If that has a +2 cost, which seems appropriate to me, I'd say that +4 for an always-on version like the Soulfire armor is a bit cheap.


----------



## Lord Pendragon (Jul 31, 2005)

shilsen said:
			
		

> Thanks a lot, Staffan.
> 
> If that has a +2 cost, which seems appropriate to me, I'd say that +4 for an always-on version like the Soulfire armor is a bit cheap.



The Death Ward special property basically gives you an automatic _Death Ward_ spell for one combat per day (I can't imagine a combat lasting more than 42 rounds   ).  Unless your party has 4 or more combats each day, +4 doesn't seem particularly cheap to me.  +1 Death Ward armor would be ~9,000gp, while +1 Soulfire armor is ~25,000gp.  Just about three times as expensive, for on average three times the uses per day.  If you have fewer than three combats a day, Soulfire armor is actually more costly than the Death Ward armor, for what you're getting.
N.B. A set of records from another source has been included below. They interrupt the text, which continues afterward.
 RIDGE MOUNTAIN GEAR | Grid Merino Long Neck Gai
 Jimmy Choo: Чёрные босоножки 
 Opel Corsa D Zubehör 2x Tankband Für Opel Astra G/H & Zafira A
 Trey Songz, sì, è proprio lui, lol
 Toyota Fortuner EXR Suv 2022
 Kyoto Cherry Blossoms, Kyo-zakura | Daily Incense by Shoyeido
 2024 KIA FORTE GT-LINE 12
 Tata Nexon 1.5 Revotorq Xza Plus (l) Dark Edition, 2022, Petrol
This all assumes, of course, that you believe (as I believe you said you did,) that the +2 Death Ward price tag is appropriate.


----------



## Antoine (Jul 31, 2005)

The _ring of freedom of movement_ sets a troubling example :
40 k for an everlasting 4th-level cleric spell (with a basic duration of 10 min./level).
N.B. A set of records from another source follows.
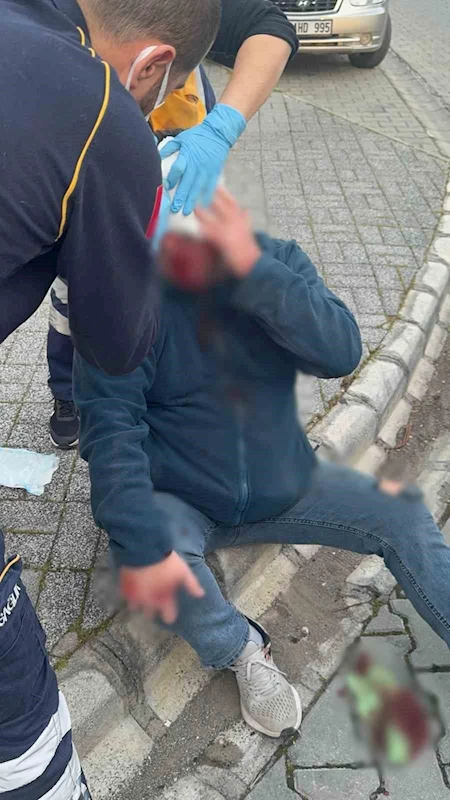 Marmaris’te gazeteciye saldırı
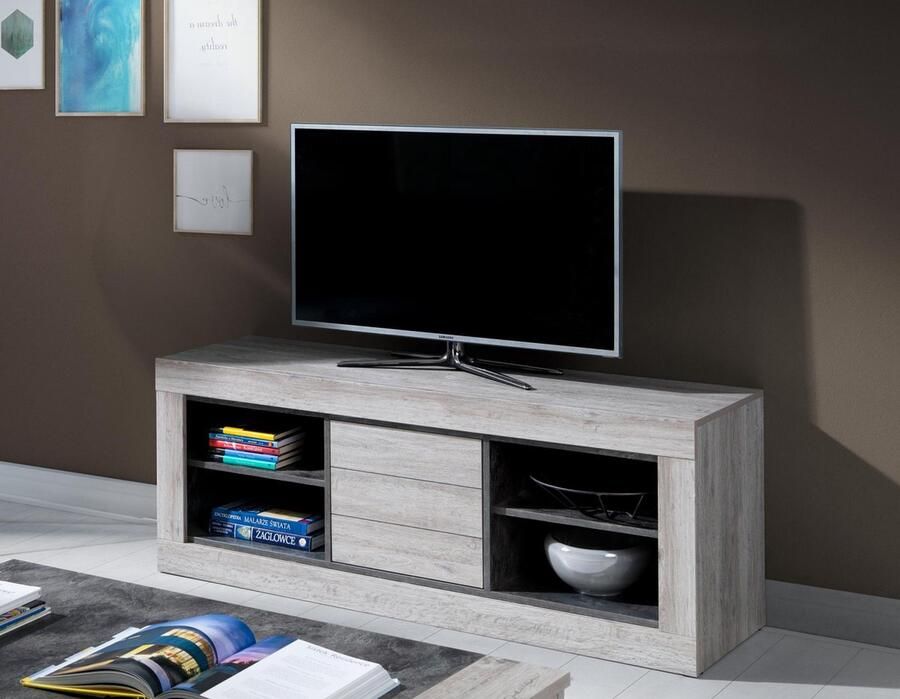 Trendmeubel Belfurn Tv-meubel Twido 145 cm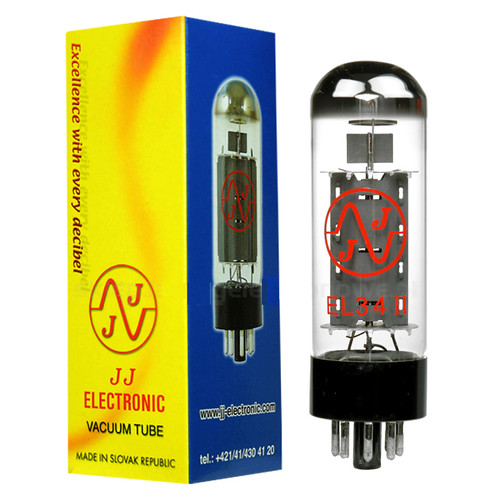 El34 tube new - jj,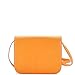 Celine, Pre-Loved Classic Box Bag Grainy Leather Medium, Orange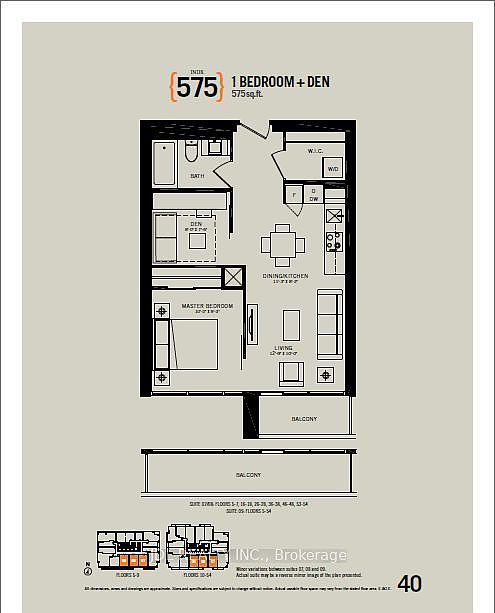 1st image of 70 Temperance St #4108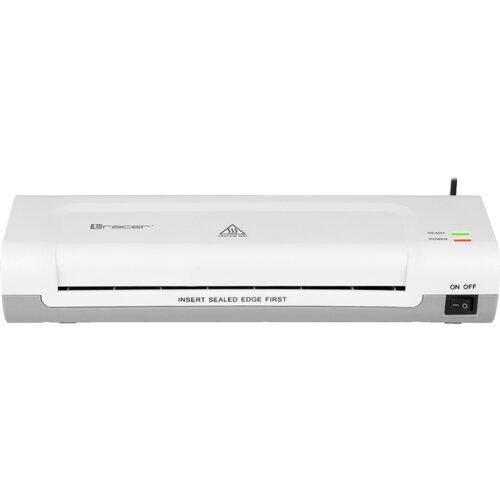 Tracer Laminator / Plastifikator A4, Home&Office - LAMINATOR A4 TRL-5 WH, Bijeli Cijene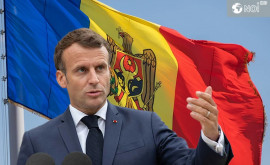 Obiectivele lui Macron în Republica Moldova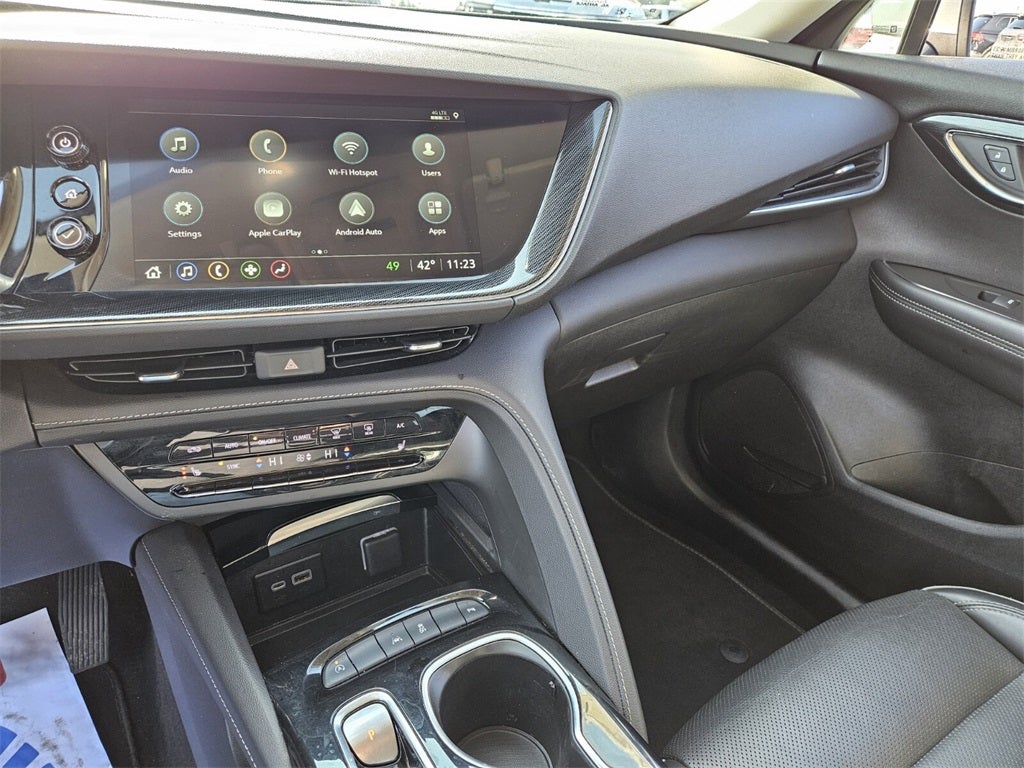 2023 Buick Envision Essence FWD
Then should a _ring of death ward_ cost a mere 53-some thousand gp ?


----------



## Obscure (Jul 31, 2005)

Complete Arcane also has Death Ward armor which protects the wearer from one death effect per day (including energy drain and inflict spells).  Cost is +1 effective bonus.  Looks balanced to me.  Permanent Death Ward seems like a bad idea.


----------